## Activity
The reply must contain exactly the lines below from the one with "Carton Dinosaur Children's" down to the one with "Fallen Angel with", both included, and nothing more; please omit the pictures.

## Entries shown
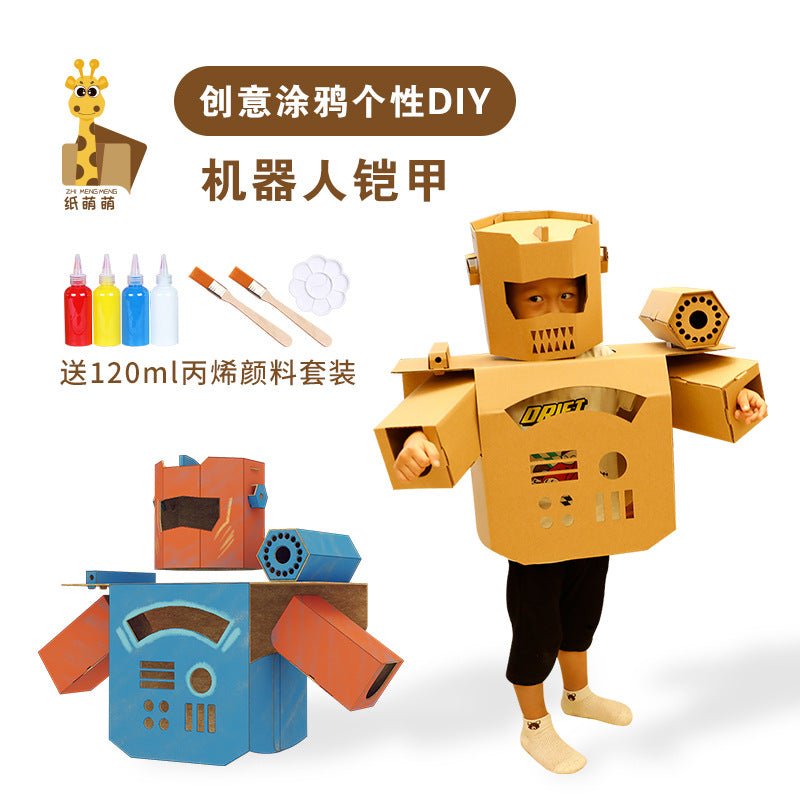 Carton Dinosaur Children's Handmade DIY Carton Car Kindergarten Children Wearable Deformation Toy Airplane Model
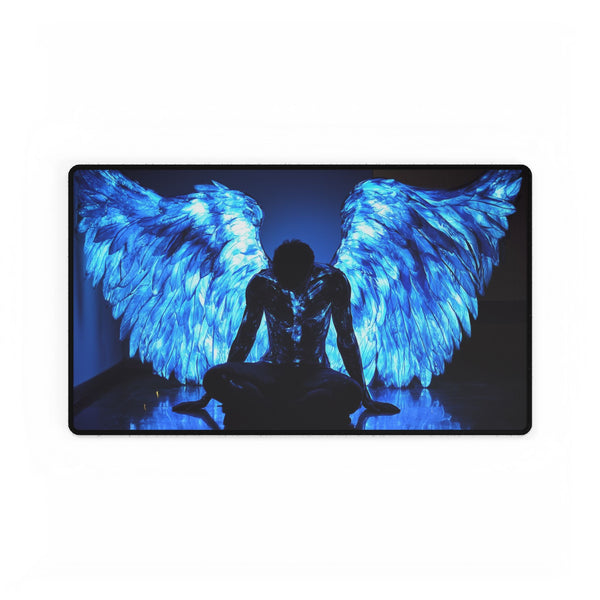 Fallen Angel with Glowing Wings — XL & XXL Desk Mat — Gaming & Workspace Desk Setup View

---

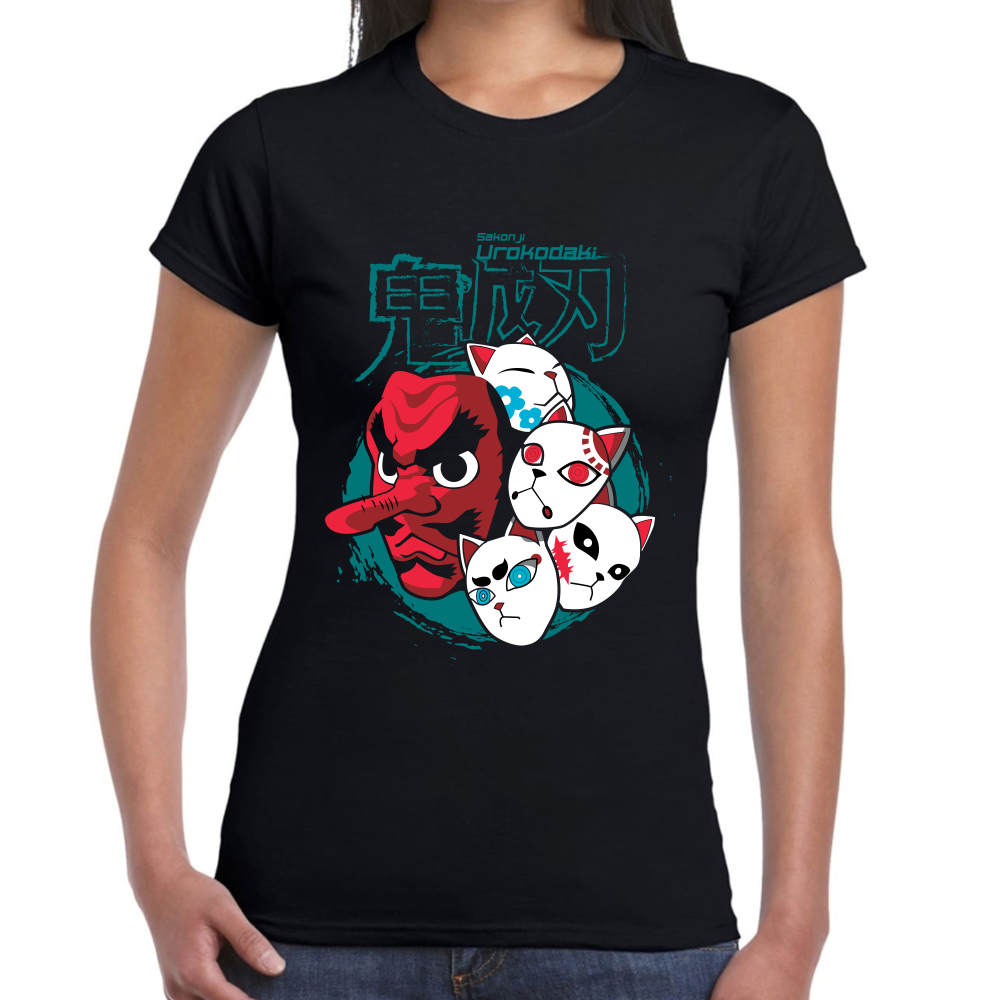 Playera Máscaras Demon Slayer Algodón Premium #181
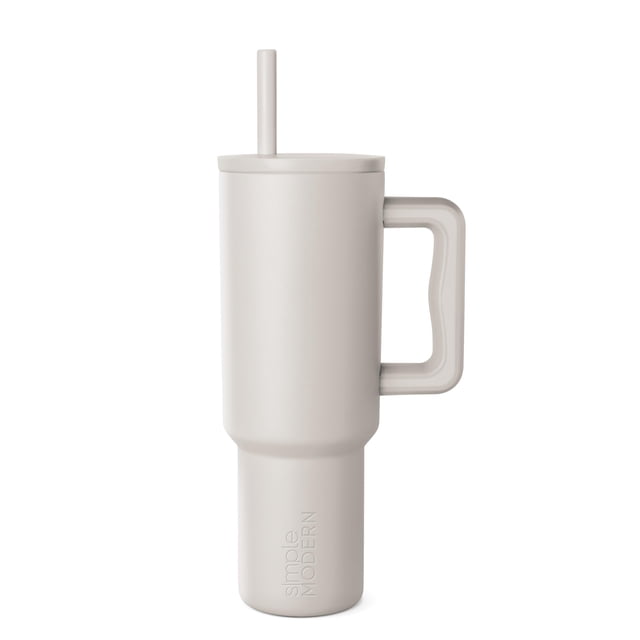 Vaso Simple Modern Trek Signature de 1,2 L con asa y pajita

---

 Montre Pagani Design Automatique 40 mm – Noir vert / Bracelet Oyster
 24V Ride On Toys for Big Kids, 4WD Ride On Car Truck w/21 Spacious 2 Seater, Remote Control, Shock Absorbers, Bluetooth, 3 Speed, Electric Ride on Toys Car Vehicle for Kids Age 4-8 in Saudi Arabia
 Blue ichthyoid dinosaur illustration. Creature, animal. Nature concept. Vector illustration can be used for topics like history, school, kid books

## Your response
 Carton Dinosaur Children's Handmade DIY Carton Car Kindergarten Children Wearable Deformation Toy Airplane Model
 Fallen Angel with Glowing Wings — XL & XXL Desk Mat — Gaming & Workspace Desk Setup View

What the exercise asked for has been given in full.